Debt consolidation is nothing more than a con because you think you're starting with a clean slate. But the truth is the debt is still there, as are the habits that caused it—you just moved it! You can’t borrow your way out of debt in the same way you can’t get out of a hole by digging out the bottom. Getting out of debt isn’t quick or easy, but it’s the first step to achieving lasting financial health.
Dave Ramsey’s trained financial coaches will never recommend debt consolidation to a client. Why? Because debt consolidation doesn’t work. Let’s find out why.
Related: Read about more debt myths in Dave Ramsey’s best-selling book: The Total Money Makeover.
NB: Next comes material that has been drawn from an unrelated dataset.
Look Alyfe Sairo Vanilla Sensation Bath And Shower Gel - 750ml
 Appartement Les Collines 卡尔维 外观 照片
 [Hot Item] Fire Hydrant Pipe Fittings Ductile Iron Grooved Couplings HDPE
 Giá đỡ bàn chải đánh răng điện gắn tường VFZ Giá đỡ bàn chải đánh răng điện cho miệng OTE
What Is Debt Consolidation?

So what is debt consolidation anyway? It simply means you’re taking out one loan to pay off a bunch of loans—or consolidating the debt to one payment. It’s typically considered for people who have high consumer debt.
But most of the time, after someone consolidates their debt, the debt grows back. Why? They still don’t have a game plan to pay cash and spend less. They also probably haven’t saved for all of the “unexpected events,” which will eventually become debt too. In other words, the good money habits for staying out of debt and building wealth aren’t there—their behavior hasn’t changed—so it’s extremely likely they will go right back into debt.
Debt consolidation seems appealing because, in most cases, there’s a lower interest rate on parts of the debt, and it usually includes a lower payment. But, in almost every case, the lower payment exists because the term gets extended, not because the debt is less. So if you stay in debt longer, you get a lower payment, but then you pay the lender more. Even worse, in some cases the interest rate is actually higher, meaning that you’re paying even more in the long term.

Debt Consolidation Example

Let’s say you have $30,000 in unsecured debt, including a two-year loan for $10,000 at 12%, and a four-year loan for $20,000 at 10%. Your monthly payment on the first loan is $517, and the payment on the second one is $583. That’s a total payment of $1,100 per month.
The debt consolidation company says they can lower your payment to $640 per month and your interest rate to 9% by negotiating with your creditors and rolling the loans together into one. Sounds great, doesn’t it? Who wouldn’t want to pay $460 less per month in payments?
But they don’t tell you that it will now take you six years to pay off the loan. This may not sound that bad until you realize how much more you will actually pay in additional payments. You will now pay $46,080 to pay off the new loan versus $40,392 for the original loans, even with the lower interest rate of 9%. This means you paid $5,688 more for the “lower payment.” Not such a good deal after all.

The Real Way to Get Out of Debt

The answer isn’t the interest rate. It’s a complete change in how you view debt. You get out of debt by changing your habits. Commit to getting on a written game plan and sticking to it. Get an extra job to bring in more money, and start paying off the debt. Live on less than you make. And, finally, stay away from debt consolidation!